Convergence

19 09 2007

In previous posts I have alluded to things from my past reappearing in such ways that I understand them better this time around (e.g. the Game of Life and SEL). Something else is happening too. Usually, I phase through interests. That is to say, when I am interested in one thing - be it fencing, physics, computing or music - I neglect the others, both in terms of wanting to do them and actually doing them. However, now I feel like I want to engage in all my interests. I’ve never experienced this before - it’s some kind of consolidation of who I am. I may still lack an identity but now I am ready to forge one. I am no longer a computer enthusiast OR a bad musician OR a wannabe fencer etc. - I am in a state of superposition of all of them.

Observe me and my wavefunction collapses and I appear to be only one, but observe me again and I may differ… or not.

My analogy is approximately 1*10^-999999*awesomeness_of_Feynman.

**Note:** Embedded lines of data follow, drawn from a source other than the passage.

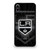 LA KINGS 2 iPhone XS Max Case Cover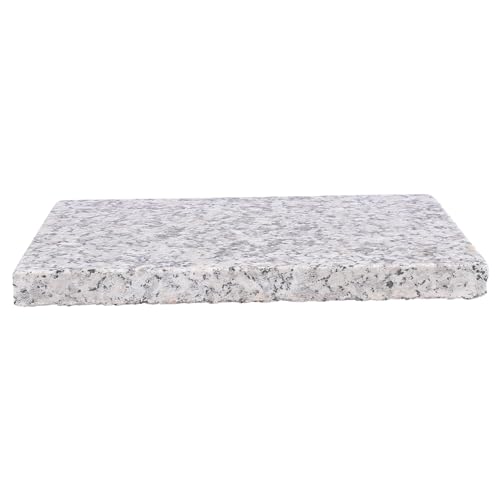 ERINGOGO 1Stück Marmor Kühlplatte Für Haustiere Kühles Board Für Hamster Meerschweinchen Und Andere Kleintiere Kühlung Mit Zufälligem Haustierbedarf ERINGOGO 1Stück Marmor Kühlplatte Für Haustiere Kühles Board Für Hamster Meerschweinchen Und Andere Kleintiere Kühlung Mit Zufälligem Haustierbedarf von ERINGOGO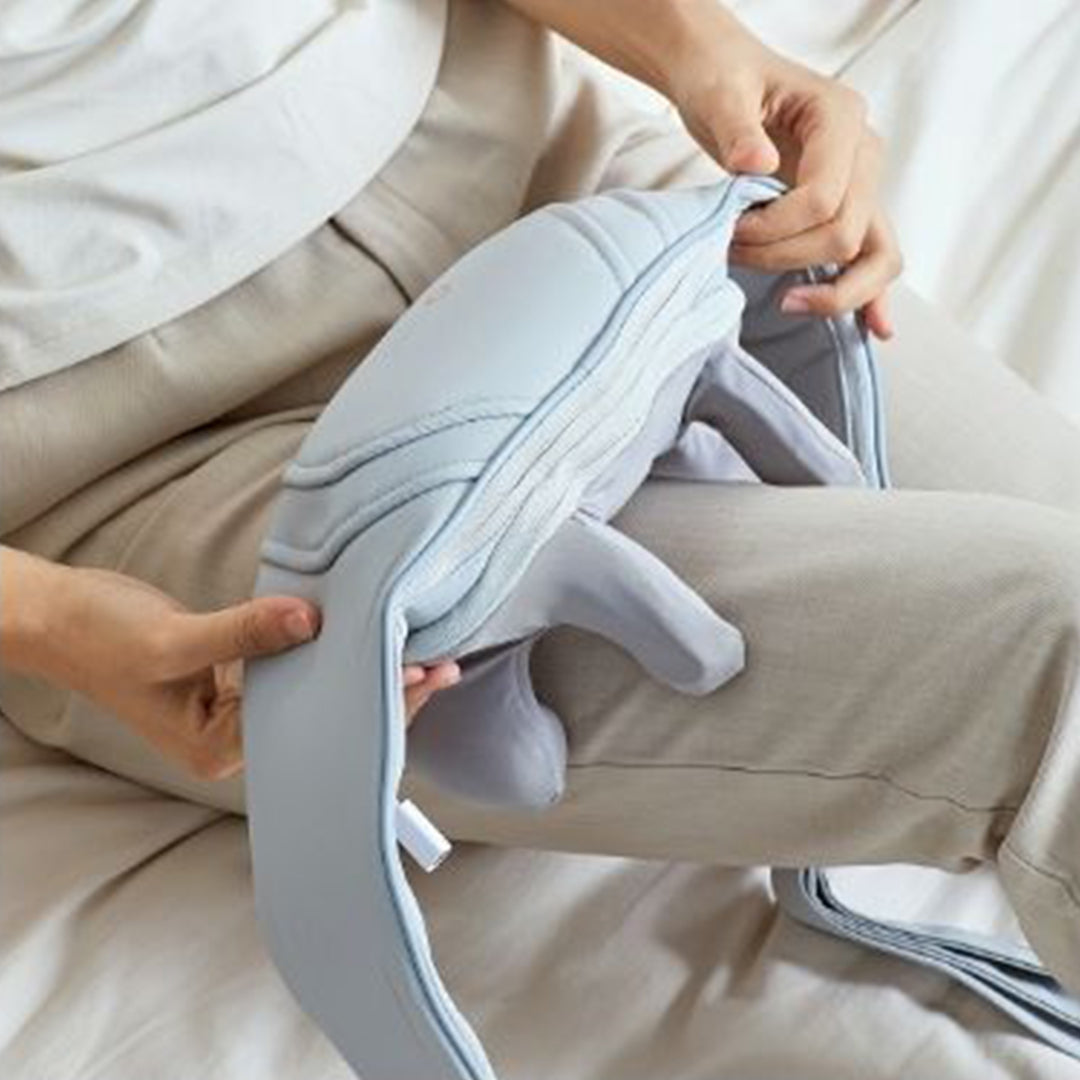 Neck & Shoulder Massager
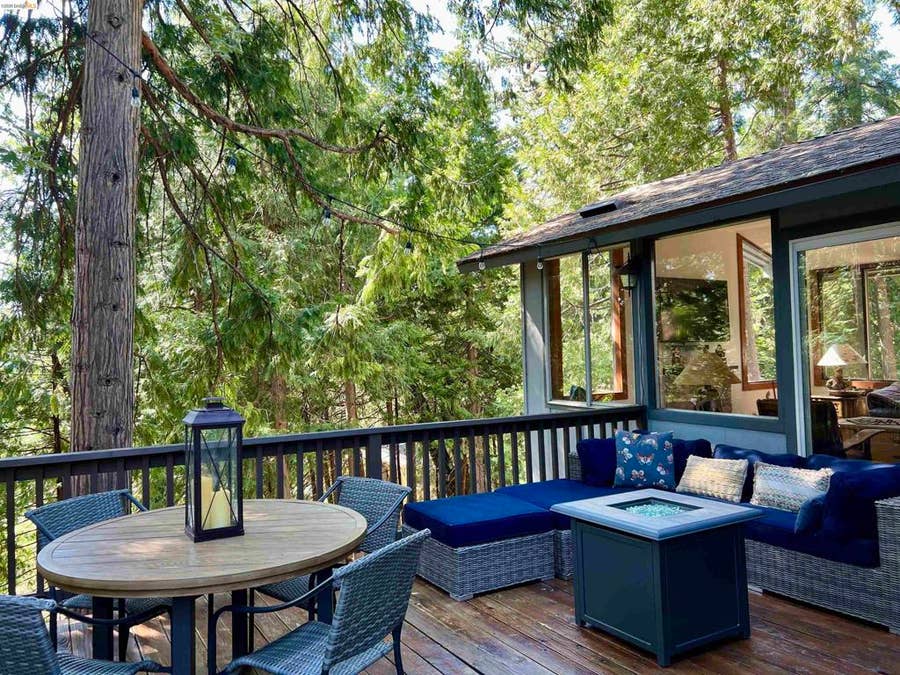 Property photo for 24086 Lama Hisum Rd, Mi Wuk Village, CA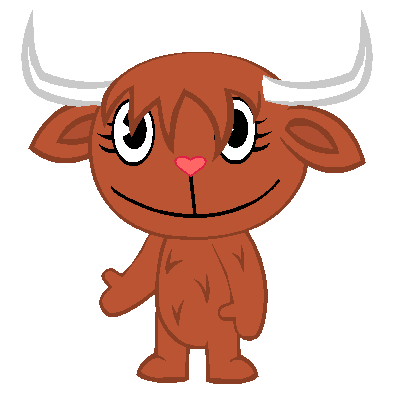 Rosey | Happy Tree Friends Fandom Roleplay Wikia | Fandom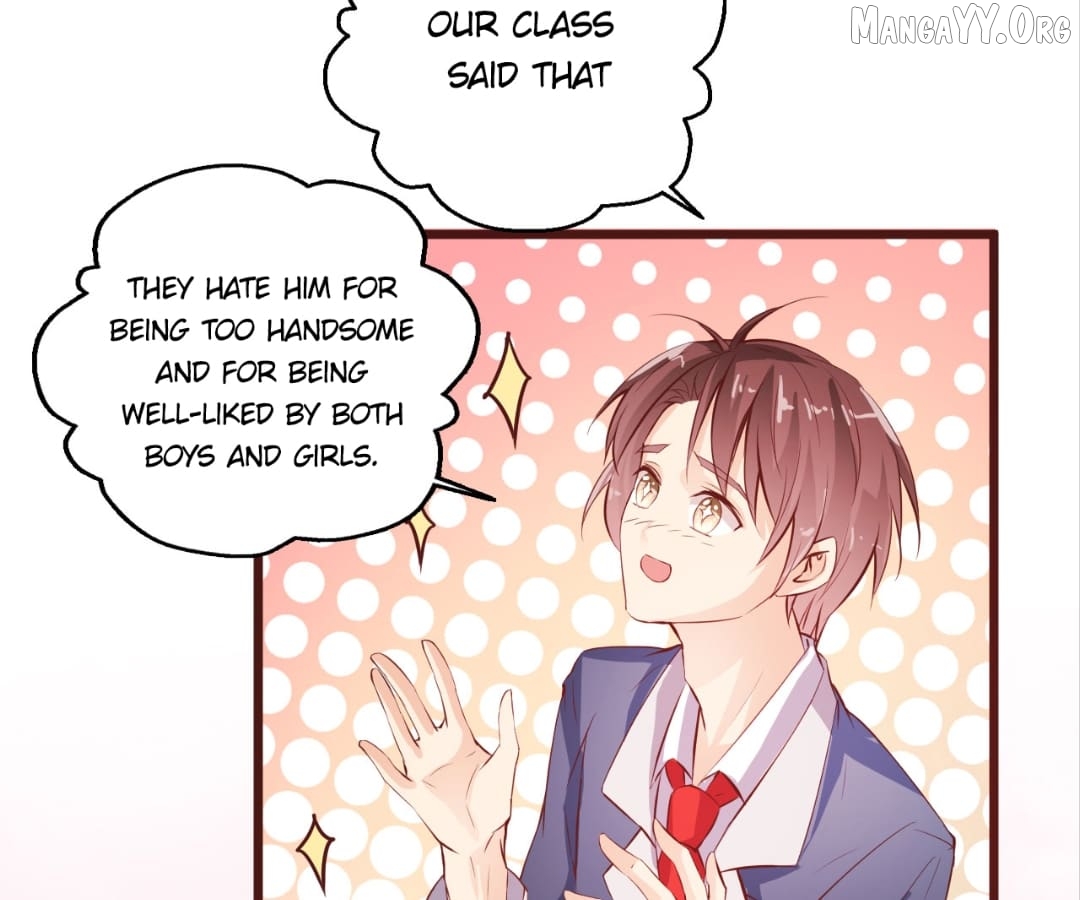 I’ll Love You Forever Chapter 1 - page 67
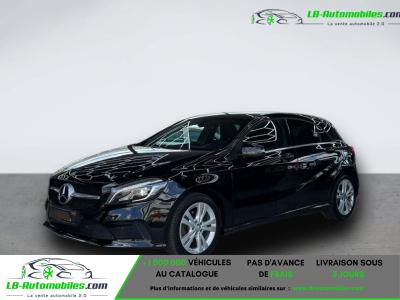 Mercedes Classe A  160 BVA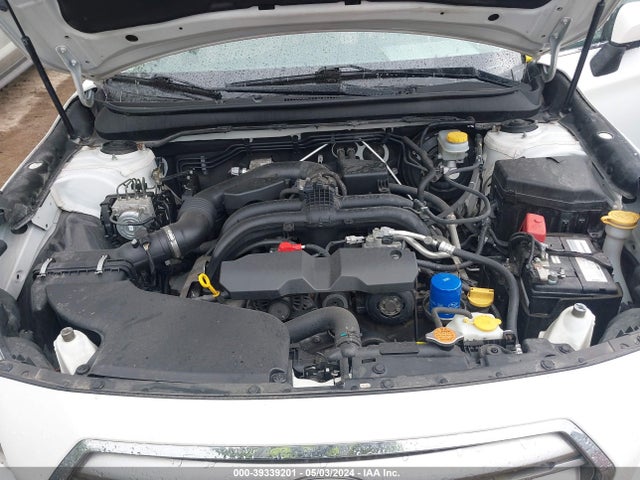 Subaru Outback 2.5i Premium 2016 4S4BSACC5G3360898 Image 10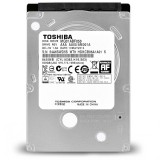 Toshiba 2.5 Inch Internal Hard - 500GB هارد لپ تاپ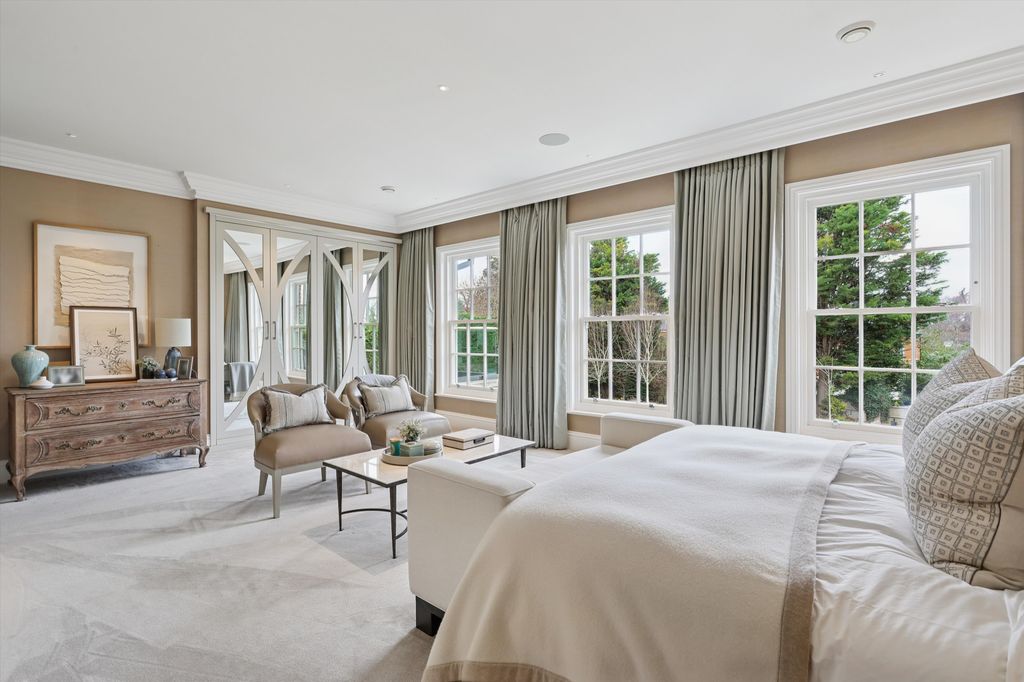 Additional image 27 of 6 bed detached house for saleEsher Park Avenue, Esher, Surrey KT10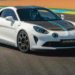 Alpine A110 R Le Mans: una supercar veloce ed esclusiva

That makes it the single greatest analogy ever.

Pax



Query

19 09 2007

Of course, of course I have considered that my demented obsession with things like The Matrix and SEL - that is, things which say that there is something odd about the world, lurking around, totally invisible or totally forgotten - is similar to a search for God. The thing is, I never really connected with God. I have never prayed believing anything would come of it and in extreme situations in my youth I tended not to pray so that I would have fewer invisible people to credit were I to survive. Neither, then, is this search borne out of the general religiosity factor. I need evidence. In fact, this is part of my search. I could have a knowing smile and talk about how I just know the world is askew, but it’s impossible as I would need some reason.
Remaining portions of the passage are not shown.